* Your assignment *
Write down the lines exactly as they appear, from the one that contains "Venta lotes sector" through the final line of the records, so that both ends are kept and no pictures come along.

* Data provided *
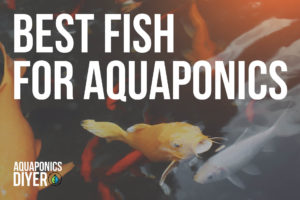 best fish for aquaponics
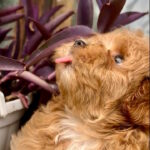 Bruno-male-maltipoo-puppy-for-sale-1 (5)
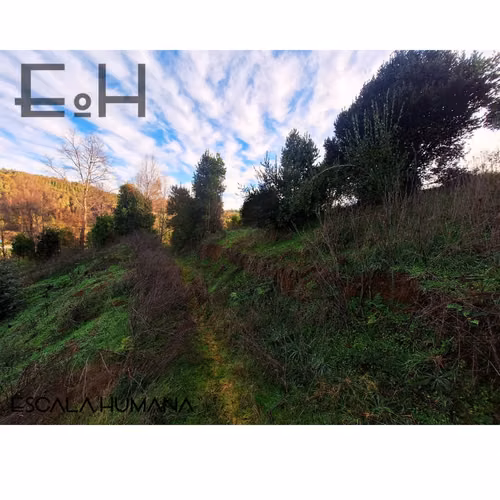 Venta lotes sector semi urbano cercano a Chaimávida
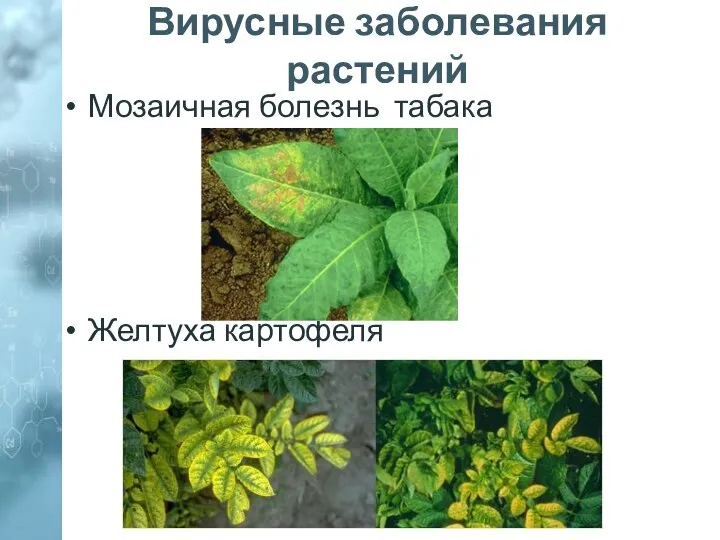 Вирусные заболевания растений Мозаичная болезнь табака Желтуха картофеля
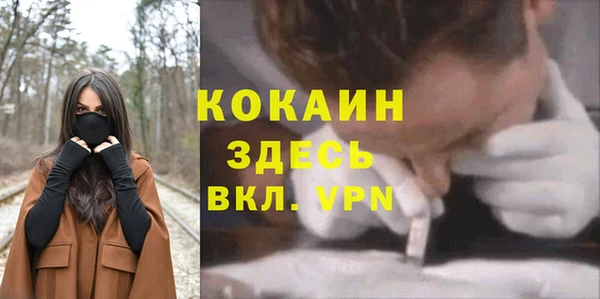 соль ск Богданович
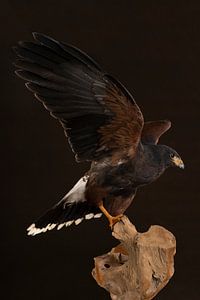 Ein Studioporträt eines Harrisbussards (Parabuteo unicinctus), der auf einem Baumstamm vor einem bra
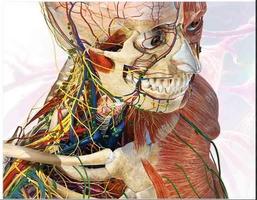 Human Body Anatomy capture d'écran 3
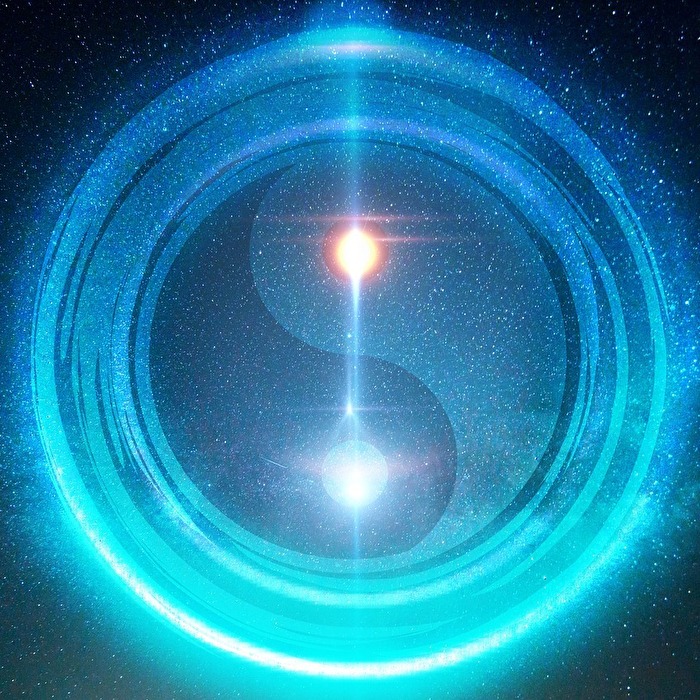 Premium 5 Fotos pro Tag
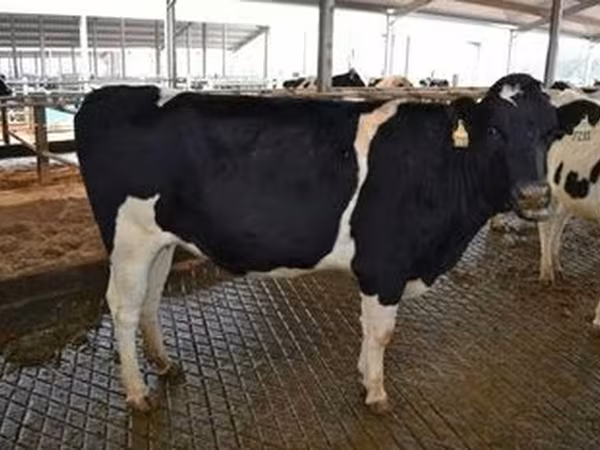 Razza Holstein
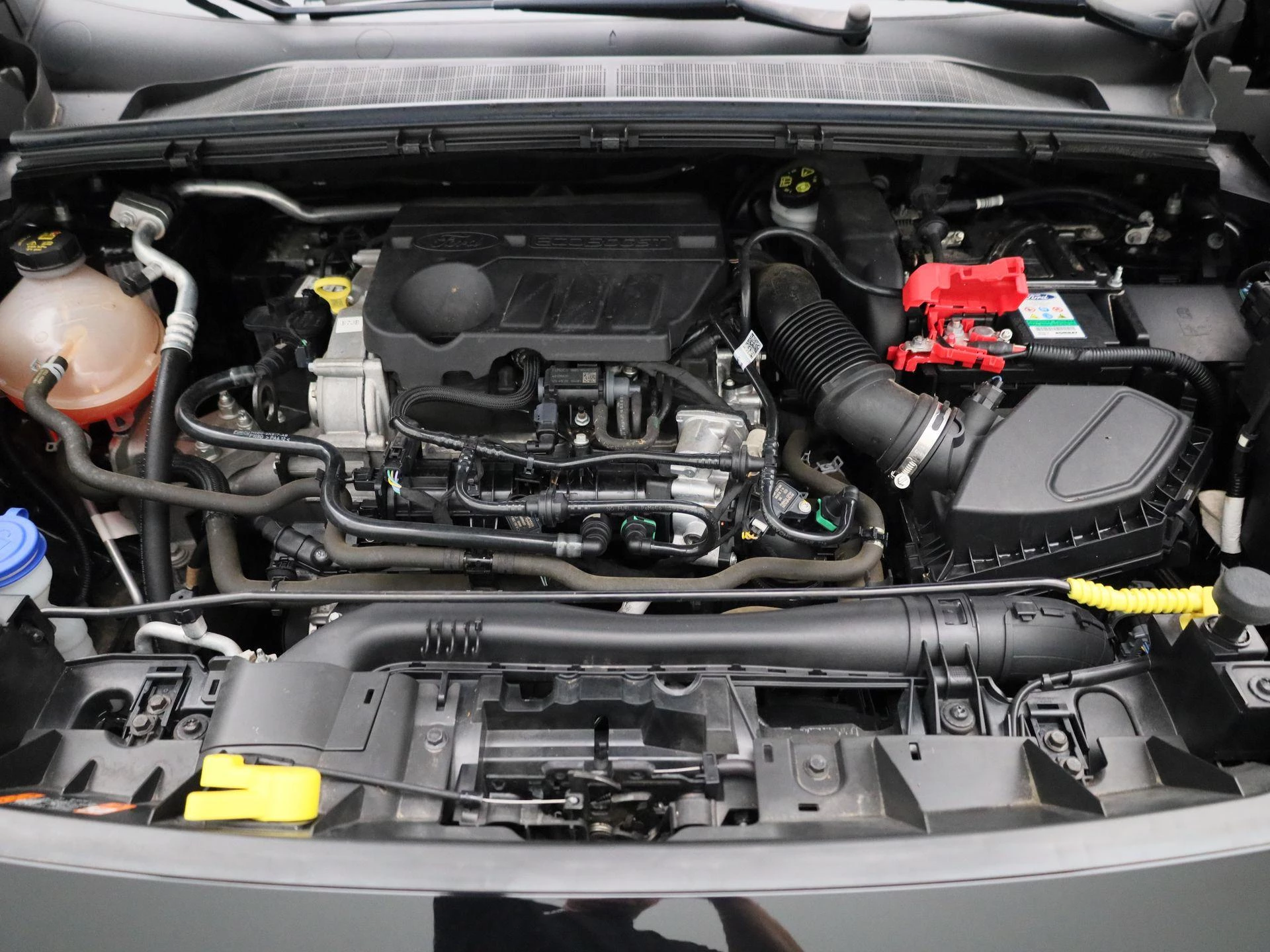 Ford-Puma-image-31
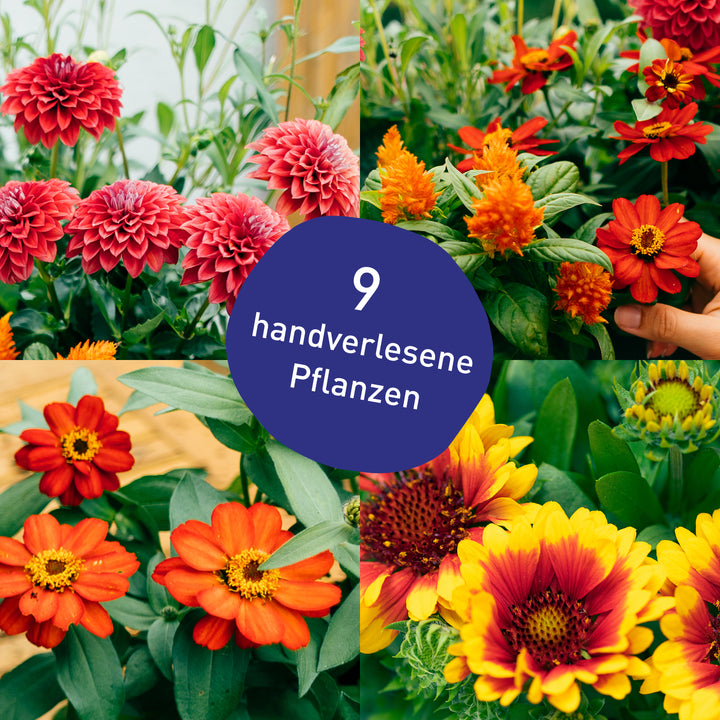 Blumenkasten Summer Sunset mit handverlesenen Pflanzen in Gärtner-Qualität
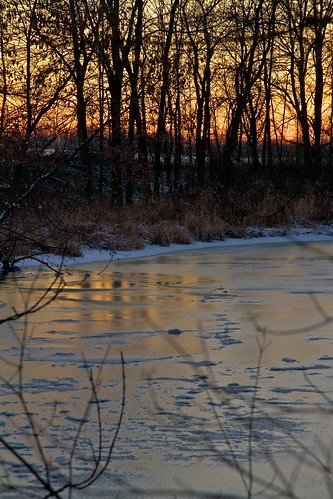 trees winter sunset snow reflection wisconsin river unitedstates solstice brook spruce kellybrook ocontoriver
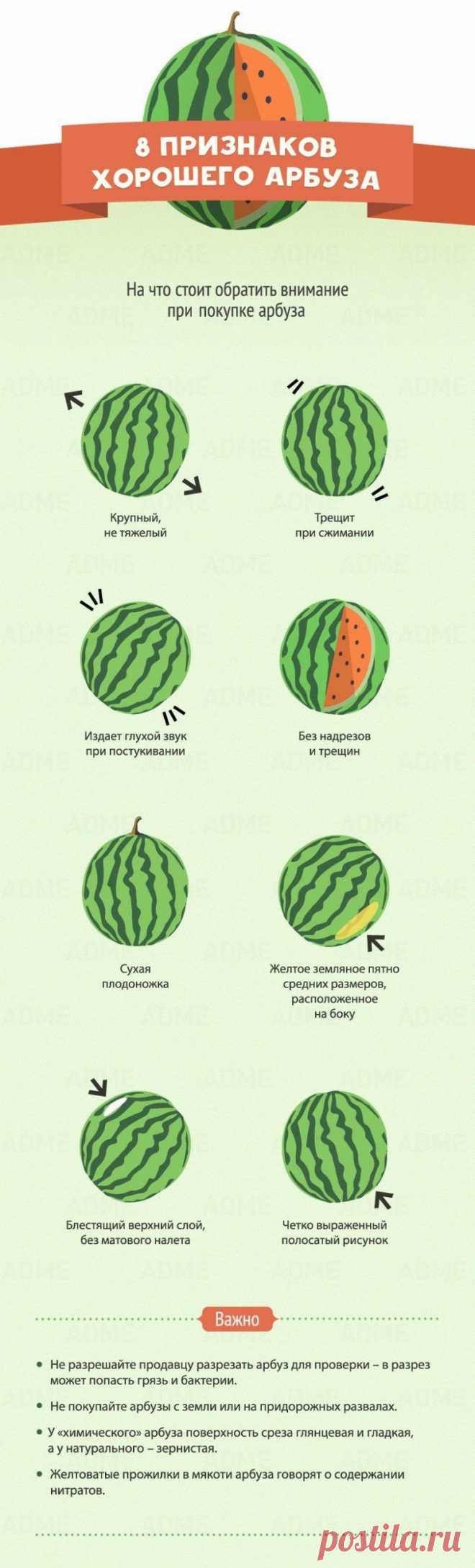 Как опознать хороший арбуз / Домоседы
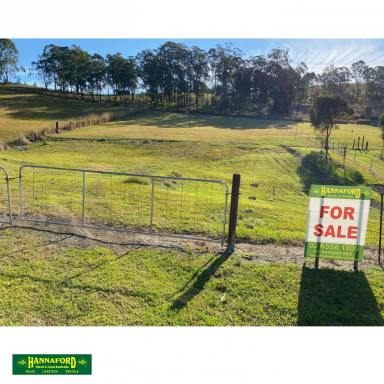 Residential Block For Sale - NSW - Bundook - 2422 - GREAT OUTLOOK - GOOD SOIL - COUNTRY VILLAGE  (Image 2)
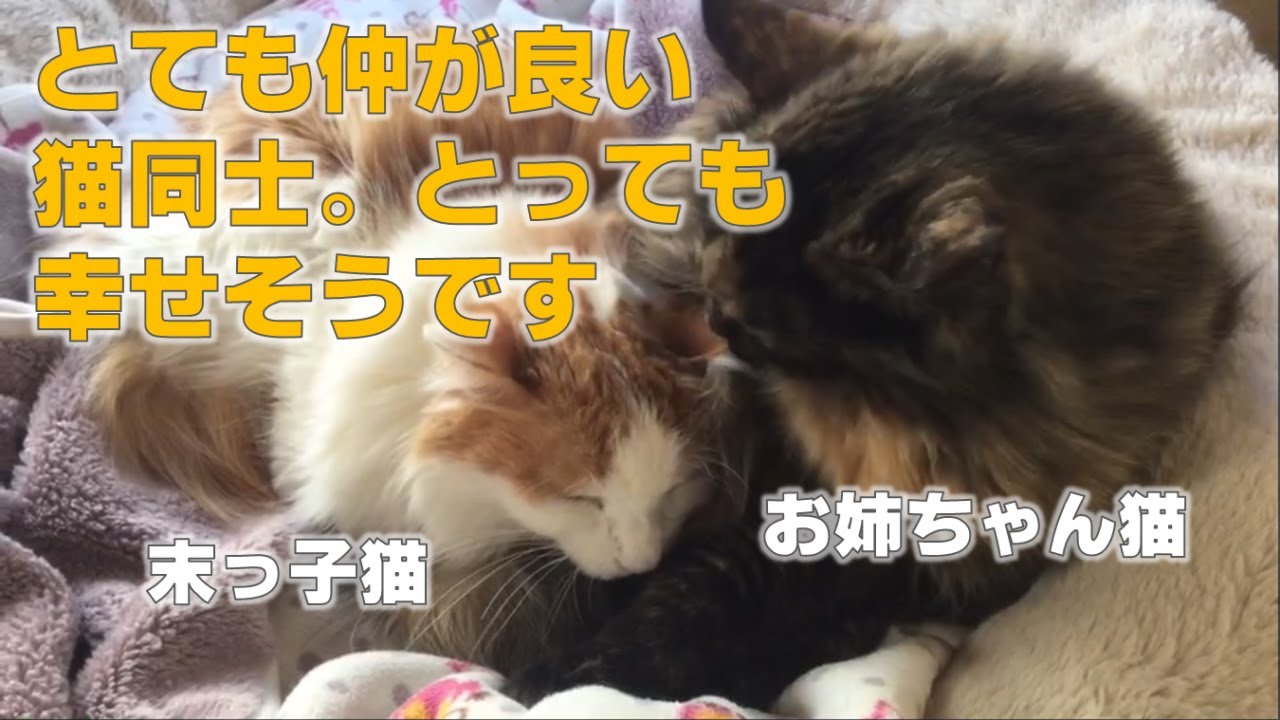 猫同士とっても仲良く毛づくろい Youtube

* Finished exercise *
 Venta lotes sector semi urbano cercano a Chaimávida
 Вирусные заболевания растений Мозаичная болезнь табака Желтуха картофеля
 соль ск Богданович
 Ein Studioporträt eines Harrisbussards (Parabuteo unicinctus), der auf einem Baumstamm vor einem bra
 Human Body Anatomy capture d'écran 3
 Premium 5 Fotos pro Tag
 Razza Holstein
 Ford-Puma-image-31
 Blumenkasten Summer Sunset mit handverlesenen Pflanzen in Gärtner-Qualität
 trees winter sunset snow reflection wisconsin river unitedstates solstice brook spruce kellybrook ocontoriver
 Как опознать хороший арбуз / Домоседы
 Residential Block For Sale - NSW - Bundook - 2422 - GREAT OUTLOOK - GOOD SOIL - COUNTRY VILLAGE  (Image 2)
 猫同士とっても仲良く毛づくろい Youtube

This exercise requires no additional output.